We will know soon enough whether the political optimism is justified – whether the Mauricio Macri administration will receive the kind of mandate permitting it to live up more to its promarket image and make the Argentine economy more competitive.
The annual IDEA business symposium in Mar Del Plata (almost always strategically timed for just prior to the day of decision in electoral years) exuded an optimism bordering on euphoria, at all odds with the grim weather reigning in that Atlantic resort, and nor was there any lack of both political and economic grounds for that upbeat mood. Nevertheless, the alarmingly high 1.9 percent September inflation figure announced by INDEC national statistics bureau in the middle of the joyous huddle should give bullish businessmen pause.
From at least one standpoint this figure also contributes to feeding the great expectations of businessmen – it indicates the more robust demand of a growing economy capable of absorbing these higher prices. And the dubious premise that a bit of inflation is the price of growth has long been chronic in Argentine thinking, all the more so in the last decade. But that recent growth could also be jeopardised because this latest inflation figure will oblige the Central Bank to maintain its potentially recessive policy of high interest rates.
Yet in a longer term this inflation is cause for concern.

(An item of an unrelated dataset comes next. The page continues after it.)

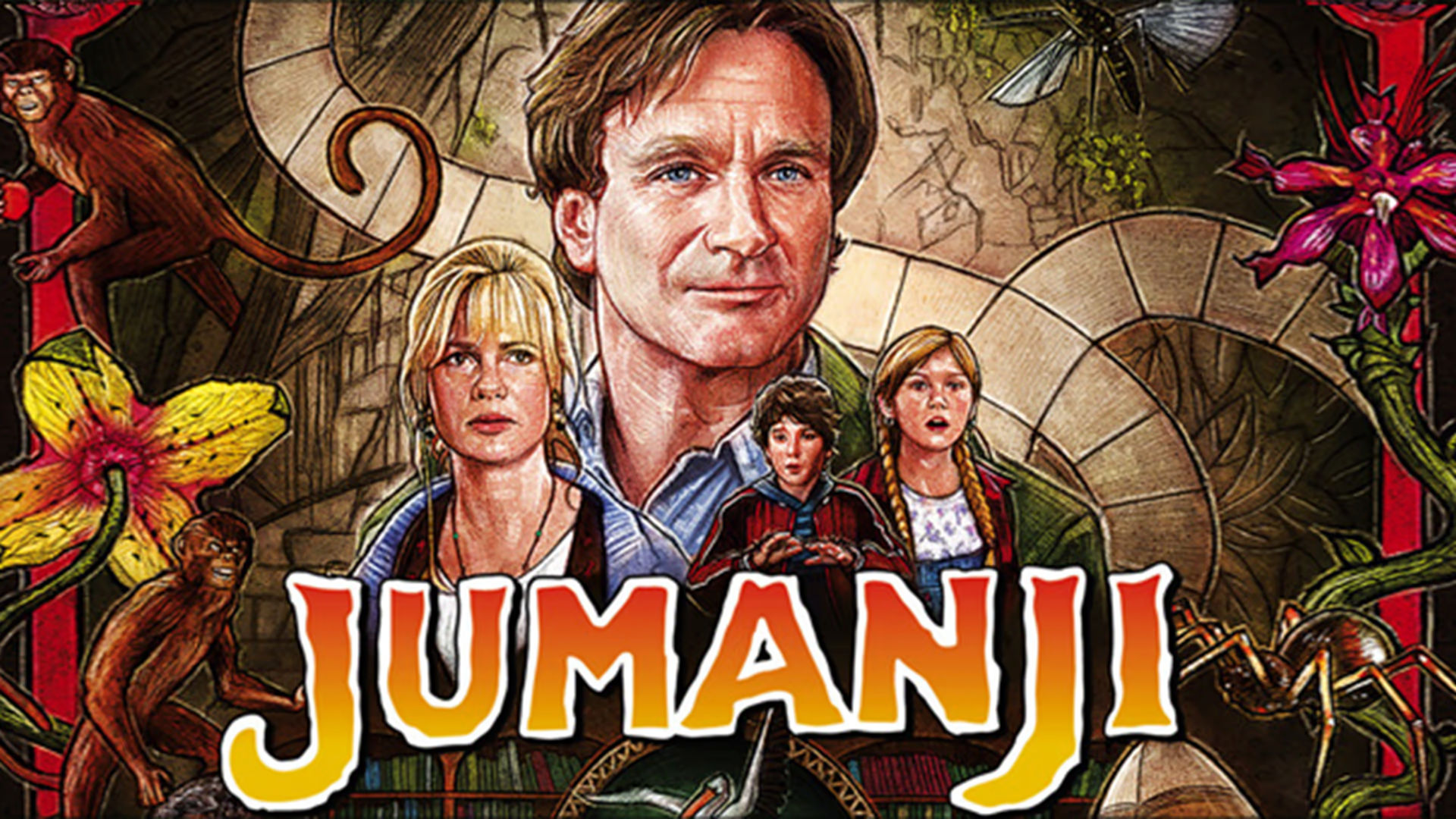 Jumanji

Firstly, it reverses a positive trend which had fed illusions that inflation could be tamed – fter dipping to a monthly 1.5 percent in August from the 1.8 percent of the previous month, we now see last month’s inflation accelerating beyond the July level. Secondly, this drives a coach and horses through Central Bank forecasts – in just three quarters of the year the maximum permitted inflation figure of 17 percent has already been exceeded to reach 17.6 percent, thus undermining credibility for next year’s guidelines (a range between eight and 12 percent).

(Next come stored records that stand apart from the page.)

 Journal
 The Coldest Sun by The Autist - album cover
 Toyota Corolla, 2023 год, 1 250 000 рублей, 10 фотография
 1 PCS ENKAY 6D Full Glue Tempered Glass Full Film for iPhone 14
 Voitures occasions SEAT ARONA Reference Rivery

The third (and perhaps most serious) factor is the persistence of core inflation, which prevents this adverse figure from being dismissed as a seasonal blip. If the government could attribute much of last year’s 41-percent rate of inflation to the steep increases in household utility bills, updating a decade of populist pricing, this has been far less of a factor this year with many increases in the pipeline awaiting the post-electoral months. But core inflation (i.e. the measurement of the most basic expenses such as food, weeding out all seasonal and extraordinary factors) has stubbornly remained above 1.5 percent since February, thus defying the Central Bank’s 17-percent forecast all year.

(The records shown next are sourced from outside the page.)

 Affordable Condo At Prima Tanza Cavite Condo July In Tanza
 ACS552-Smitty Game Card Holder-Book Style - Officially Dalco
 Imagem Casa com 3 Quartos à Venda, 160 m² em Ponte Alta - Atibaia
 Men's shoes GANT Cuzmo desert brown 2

Last, and perhaps not least, is a factor highly unlikely to influence the outcome of next weekend’s voting but which could breed trouble in the future – the high number of collective bargaining agreements containing a clause to trigger a new round to negotiate a further wage increase, in the event of inflation exceeding the official forecasts (a clause pioneered by the extremely numerous Buenos Aires provincial employees). Industrial relations could thus be complicated precisely at a time when the government is contemplating major labour reforms.
Yet neither all this nor the bleak weather could cloud the bright mood in Mar del Plata – a survey of those present showed 86 percent are expecting growth, higher investment and job creation in the next year. We will know soon enough whether the political optimism is justified – whether the Mauricio Macri administration will receive the kind of mandate permitting it to live up more to its promarket image and make the Argentine economy more competitive. But in the light of this nagging inflation (as well as a bulging fiscal deficit where Macri has yet to bite the bullet and also an alarmingly adverse balance of trade about which hardly anybody talks) the economic optimism stands to be tested over a much longer haul.